I have a dateframe which have unique as well as repeated records on the basis of number. Now i want to split the dataframe into two dataframe. In first dataframe i need to copy only unique rows and in second dataframe i want all repeated rows. For example
id name number
1 Shan 101
2 Shan 101
3 John 102
4 Michel 103
The two splitted dataframe should be like
Unique
id name number
3 John 102
4 Michel 103
Repeated
id name number
1 Shan 101
2 Shan 101
The solution you tried could probably get you there.
Your data looks like this
val df = sc.parallelize(Array(
(1, "Shan", 101),
(2, "Shan", 101),
(3, "John", 102),
(4, "Michel", 103)
)).toDF("id","name","number")
Then you yourself suggest grouping and counting.
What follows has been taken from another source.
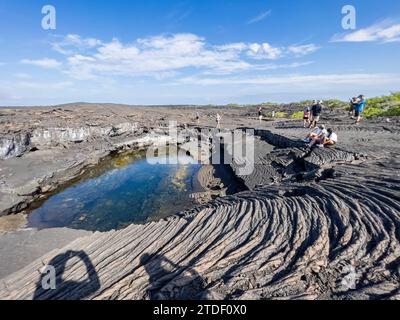 Lava di pahoehoe sull'isola più giovane delle Galapagos, sull'isola di Fernandina, sulle isole Galapagos, sito patrimonio dell'umanità dell'UNESCO, Ecuador, Sud America Foto Stock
If you do it like this
val repeatedNames = df.groupBy("name").count.where(col("count")>1).withColumnRenamed("name","repeated").drop("count")
then you could actually get all the way by doing something like this afterwards:
val repeated = df.join(repeatedNames, repeatedNames("repeated")===df("name")).drop("repeated")
val distinct = df.except(repeated)
repeated show
+---+----+------+
| id|name|number|
+---+----+------+
| 1|Shan| 101|
| 2|Shan| 101|
+---+----+------+
distinct show
+---+------+------+
| id| name|number|
+---+------+------+
| 4|Michel| 103|
| 3| John| 102|
+---+------+------+
Hope it helps.